Try it
An exact reproduction of the listing is wanted, with the pictures dropped.

Information provided
/---

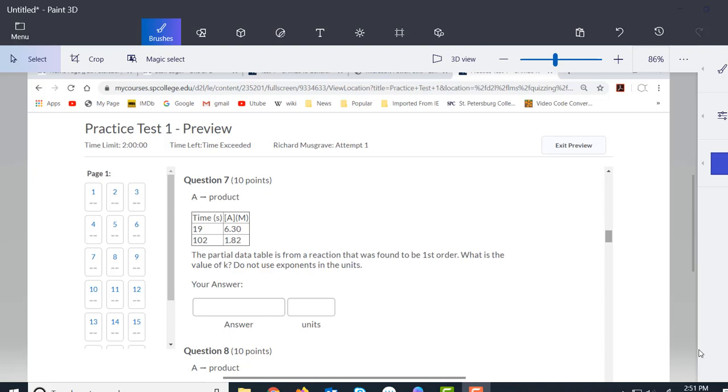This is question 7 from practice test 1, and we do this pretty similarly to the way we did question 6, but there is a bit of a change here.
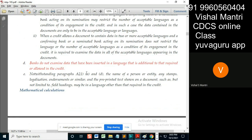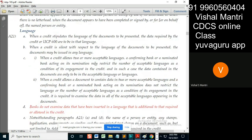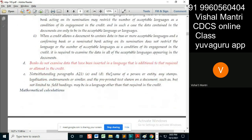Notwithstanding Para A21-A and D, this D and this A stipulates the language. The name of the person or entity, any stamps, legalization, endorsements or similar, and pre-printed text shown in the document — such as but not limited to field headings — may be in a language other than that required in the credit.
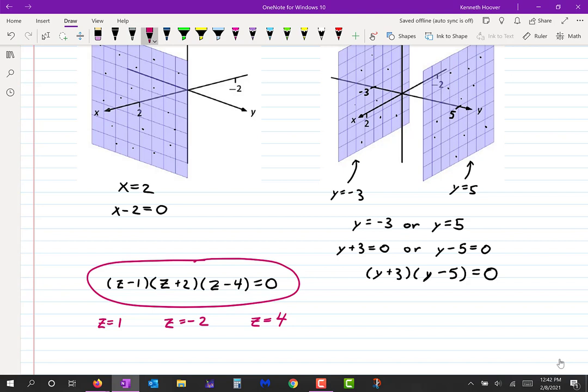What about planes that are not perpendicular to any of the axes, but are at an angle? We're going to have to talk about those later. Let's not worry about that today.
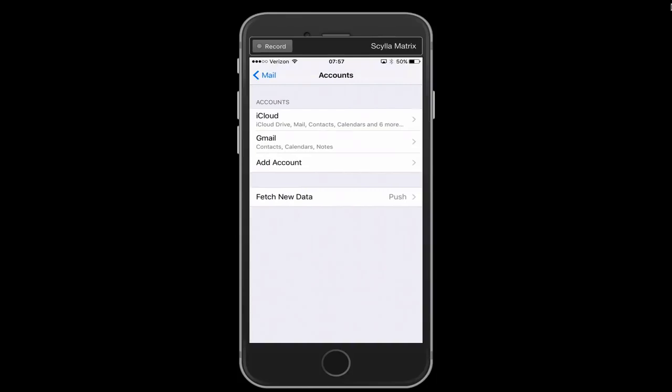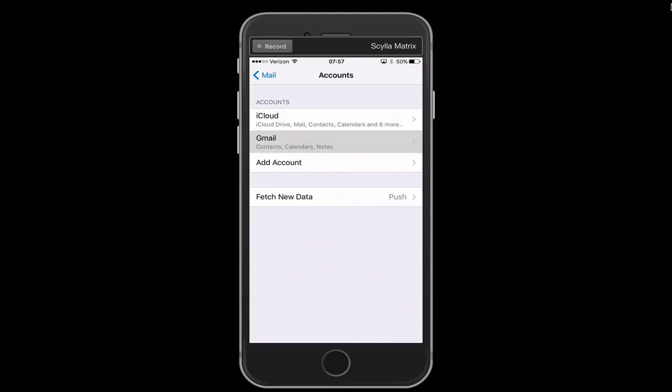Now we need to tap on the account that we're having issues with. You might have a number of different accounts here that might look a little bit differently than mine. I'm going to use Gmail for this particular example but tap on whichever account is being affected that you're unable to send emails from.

\---

Task answer
This is question 7 from practice test 1, and we do this pretty similarly to the way we did question 6, but there is a bit of a change here.
Notwithstanding Para A21-A and D, this D and this A stipulates the language. The name of the person or entity, any stamps, legalization, endorsements or similar, and pre-printed text shown in the document — such as but not limited to field headings — may be in a language other than that required in the credit.
What about planes that are not perpendicular to any of the axes, but are at an angle? We're going to have to talk about those later. Let's not worry about that today.
Now we need to tap on the account that we're having issues with. You might have a number of different accounts here that might look a little bit differently than mine. I'm going to use Gmail for this particular example but tap on whichever account is being affected that you're unable to send emails from.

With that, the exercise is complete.